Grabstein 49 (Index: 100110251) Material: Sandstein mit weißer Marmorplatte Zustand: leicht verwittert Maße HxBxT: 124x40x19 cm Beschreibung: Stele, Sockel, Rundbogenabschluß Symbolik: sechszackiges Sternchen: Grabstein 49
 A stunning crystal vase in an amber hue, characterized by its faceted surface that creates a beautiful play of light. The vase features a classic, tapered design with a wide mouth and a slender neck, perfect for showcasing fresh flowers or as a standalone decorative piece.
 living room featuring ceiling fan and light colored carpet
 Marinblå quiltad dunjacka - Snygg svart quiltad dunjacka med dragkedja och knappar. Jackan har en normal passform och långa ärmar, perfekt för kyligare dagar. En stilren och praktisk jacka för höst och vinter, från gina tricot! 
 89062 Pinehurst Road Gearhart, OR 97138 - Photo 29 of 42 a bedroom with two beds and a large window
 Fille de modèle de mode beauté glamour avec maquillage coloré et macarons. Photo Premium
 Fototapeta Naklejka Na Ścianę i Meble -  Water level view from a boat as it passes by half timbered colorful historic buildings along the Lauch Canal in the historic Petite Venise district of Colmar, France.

WHAT YOU WILL DO:
Copy each line of the data that contains the word "Photo".

ANSWER BOX:
 89062 Pinehurst Road Gearhart, OR 97138 - Photo 29 of 42 a bedroom with two beds and a large window
 Fille de modèle de mode beauté glamour avec maquillage coloré et macarons. Photo Premium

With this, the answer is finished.